### DATA TO EXAMINE
· · · ·

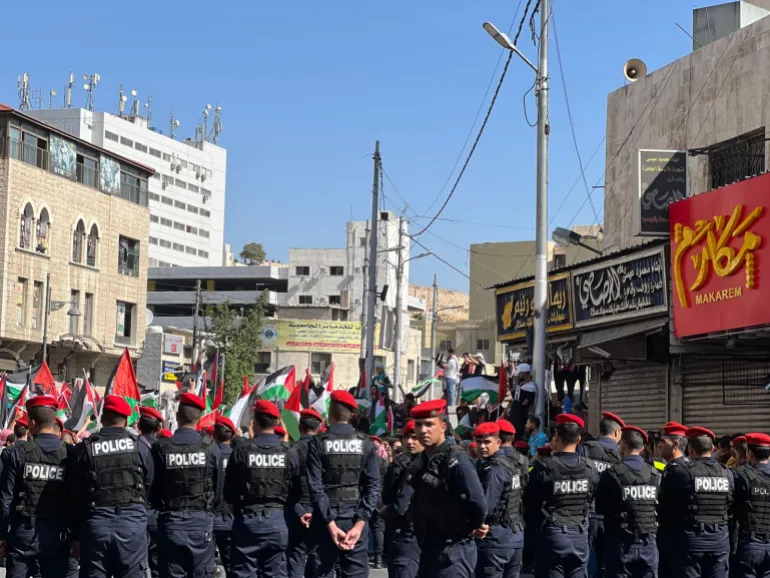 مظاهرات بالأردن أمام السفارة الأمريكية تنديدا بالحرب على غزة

· · · ·

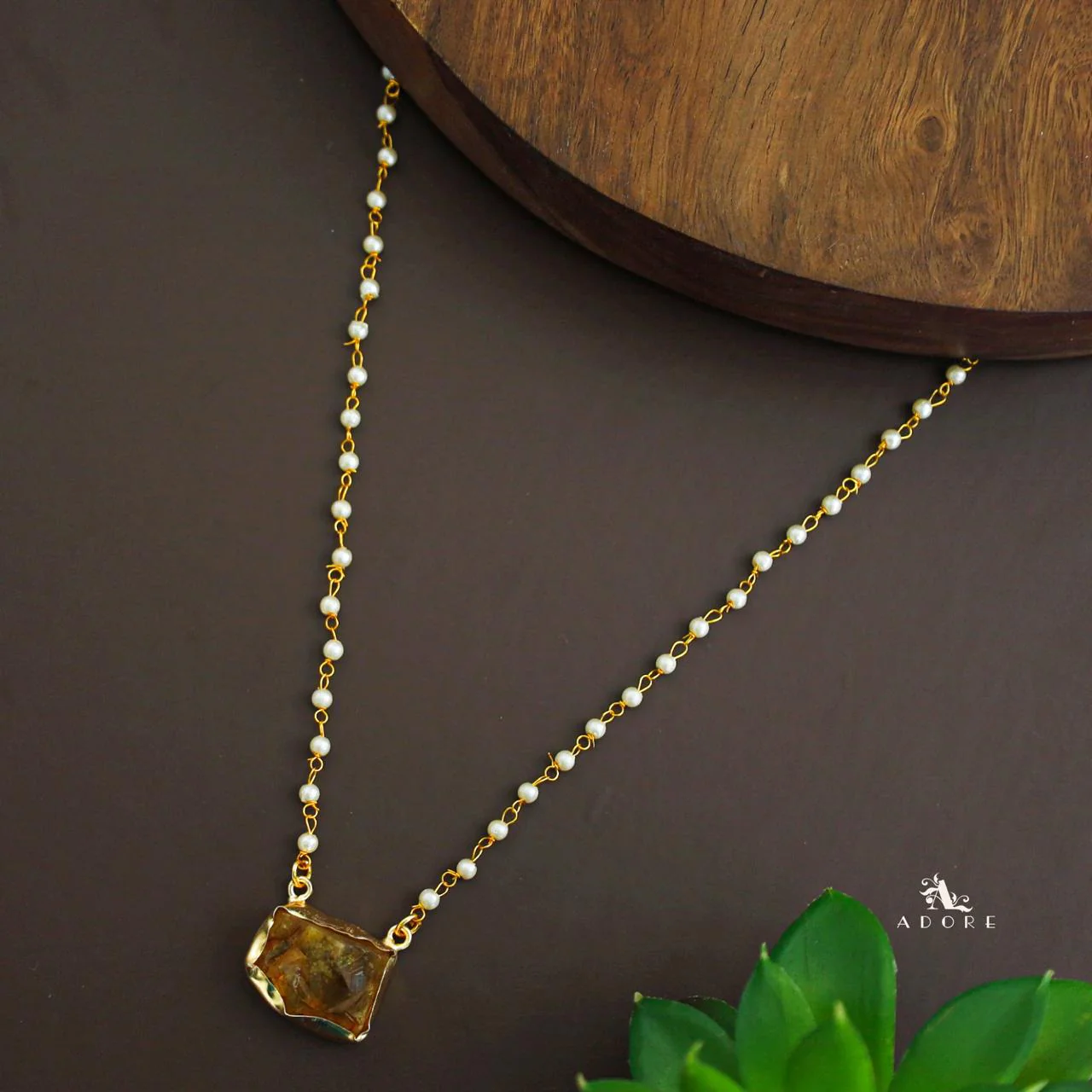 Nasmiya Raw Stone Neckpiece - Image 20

· · · ·

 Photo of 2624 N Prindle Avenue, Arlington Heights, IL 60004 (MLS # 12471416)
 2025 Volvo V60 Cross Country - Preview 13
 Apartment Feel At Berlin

· · · ·

### EXERCISE
Among the entries above, the lines between the ones containing "2025 Volvo V60 Cross Country - Preview 13" and "Apartment Feel At Berlin", inclusive, are to be transcribed exactly. No other line is to be given.

### ANSWER TO THIS EXERCISE
 2025 Volvo V60 Cross Country - Preview 13
 Apartment Feel At Berlin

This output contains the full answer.